Summary
ここでは、協調検出およびサルモネラの quasimetagenomic シーケンスを通じてサブタイピングの食糧および環境内細菌叢解析からの DNA のサンプルを準備するためのプロトコルを提案する.併用文化濃縮、原因菌分離 (IMS)、複数の変位の増幅 (MDA) により、サルモネラ食糧および環境試料からゲノム DNA の効果的な濃度。
Abstract
準メタゲノム配列決定は、食品、環境サンプルの修正内細菌叢解析のシーケンス解析を指します。このプロトコルではマイクロバイ変更対象食品由来の病原体の汚染物質の検出を容易にするためにゲノム DNA の単一のワークフローに病原体のサブタイプの集中です。ここでは、私たちを説明する代表的な食品とアルファルファもやしを含む環境試料からのサルモネラ準メタゲノム解析の準備手順、サンプル挽き黒こしょう、牛ひき肉、鶏の胸肉を示すと環境の綿棒。サンプルは最初文化豊かなサルモネラの短縮、調節可能な期間 (4-24 h) を受けます。サルモネラ細胞は、原因菌分離 (IMS) によって濃縮文化から選択的にキャプチャされます。

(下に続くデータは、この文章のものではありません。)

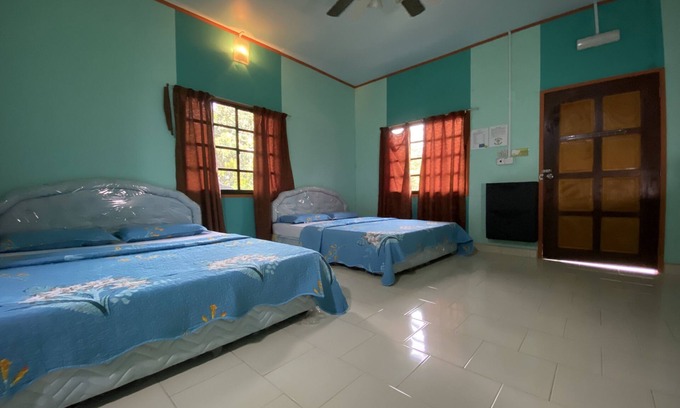 Ranau Hotel | OYO 90286 Yuna Bamboo Rest & Stay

最後に、IMS にキャプチャされたセルからの DNA を増幅するため複数の変位増幅 (MDA) が実行されます。高スループット シーケンスのプラットフォームでは、このプロトコルの DNA 出力を配置できます。サルモネラ検出シーケンスを置換またはシーケンスの前にサルモネラDNA の濃度を評価するオプションの定量的 PCR 解析を実行できます。
Introduction
メタゲノム配列には、協調の検出および食品由来病原体のサブタイピング理論的にことができます。しかし、食品サンプルは食品マイクロバイの直接配列による病原体解析への挑戦を提示します。まず、食中毒の病原体が多い現在低レベルで食品サンプルで。市販の急速な検出方法をまだ必要と 8-48 h 培養検出レベル1に病原体細胞を豊かにします。第二に、多くの食品に含まれる豊富な微生物細胞または食品 DNA、メタゲノム配列直接によって検出およびサブタイピングのため食品メタゲノムととらえどころのないターゲットのごく一部食品由来病原体の DNA を作るします。

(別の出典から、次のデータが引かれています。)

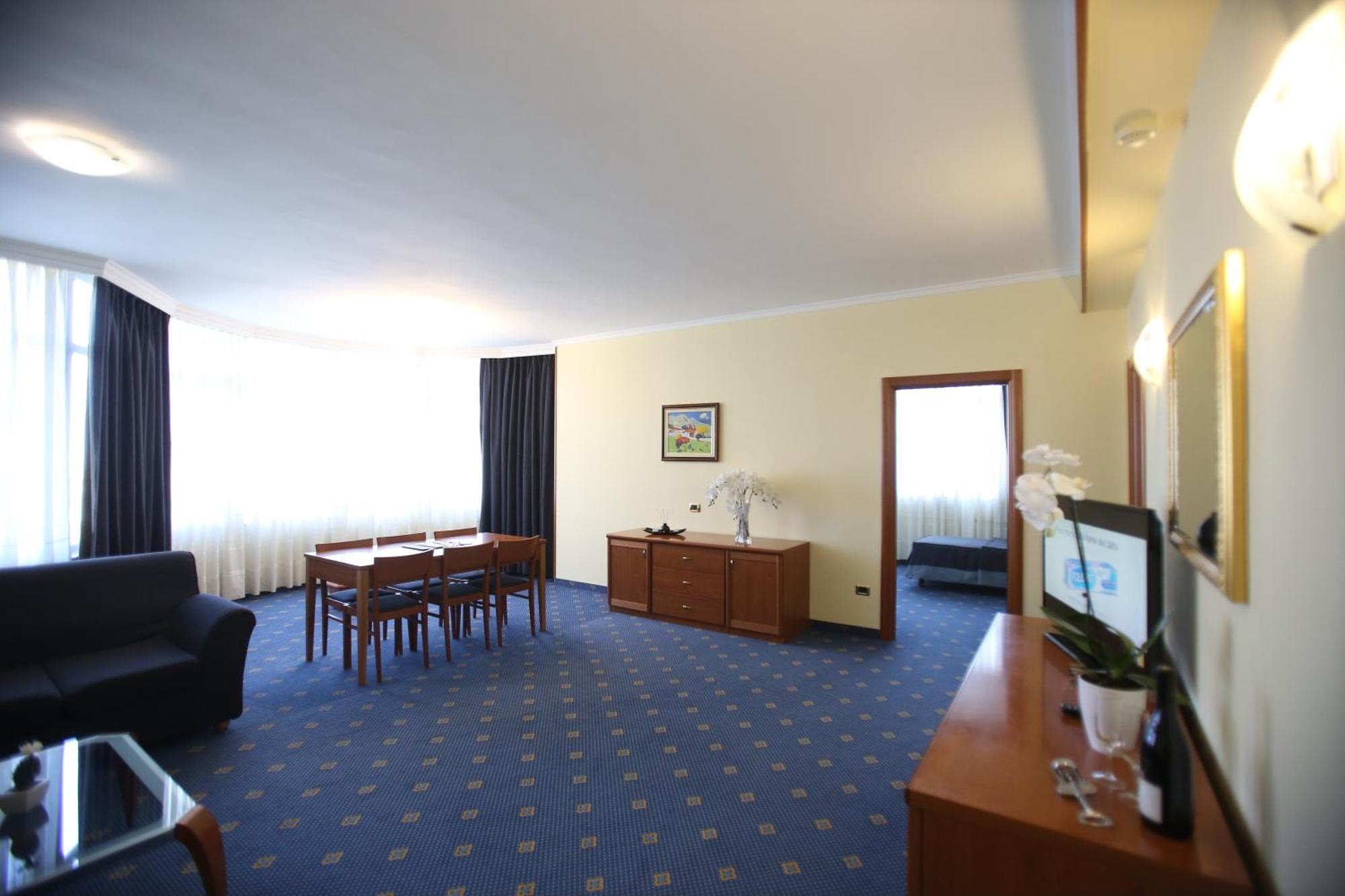 Hotel Continental Vora Szoba fotó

食品由来病原体の志賀毒素産生性大腸菌2,3とシーケンス ベースの検出を容易にする DNA の相当な集中を許可する食品内細菌叢解析の修正が報告されています。サルモネラ4。組換え食品のため内細菌叢解析はまだ別の微生物種の混合物、そのシーケンスは準メタゲノム解析4と呼ばれます。文化濃縮だけで2,3原因菌分離 (IMS) と組み合わせて、複数変位増幅 (MDA)4、5マイクロバイ変更を実行できます。IMS は、抗体をコートした磁気ビーズを介して培養から病原体細胞を選択的にキャプチャできます。MDA は、非常に効率的な ɸ29 DNA ポリメラーゼ6配列のゲノム DNA の十分な量を生成できます。IMS MDA は臨床サンプル7、文化豊かな準メタゲノム検出のための短縮と食品サンプル4でサルモネラのサブタイプからカルチャに依存しない病原体検出を許可しています。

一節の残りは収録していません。